- YOUR TASK:
Below is a listing. Set down exactly the lines from the one containing "Karcher Wózek na wąż HT 3.420 w zestawie 1/2" through the one containing "เจ้าหน้าที่ควา", both ends included, and leave out the rest.

- THE DATA:
----

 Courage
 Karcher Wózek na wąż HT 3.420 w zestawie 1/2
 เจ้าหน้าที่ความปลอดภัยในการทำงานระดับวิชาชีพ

----

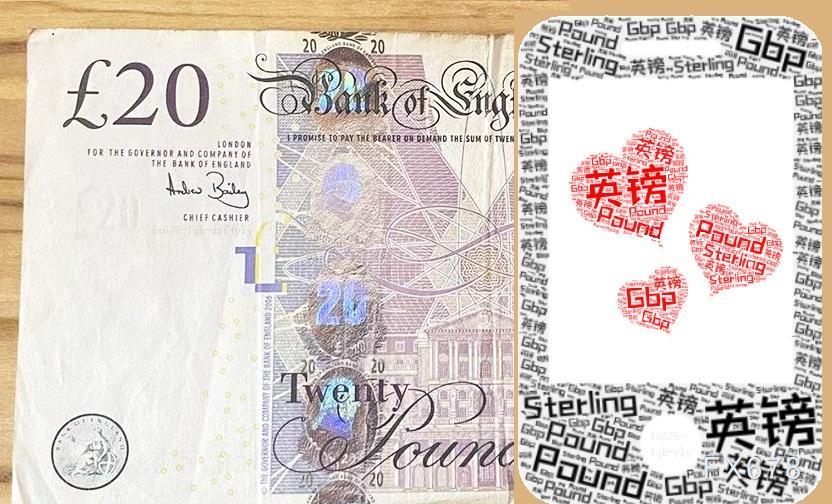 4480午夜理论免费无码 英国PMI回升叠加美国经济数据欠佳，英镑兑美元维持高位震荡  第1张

----

- YOUR SOLUTION:
 Karcher Wózek na wąż HT 3.420 w zestawie 1/2
 เจ้าหน้าที่ความปลอดภัยในการทำงานระดับวิชาชีพ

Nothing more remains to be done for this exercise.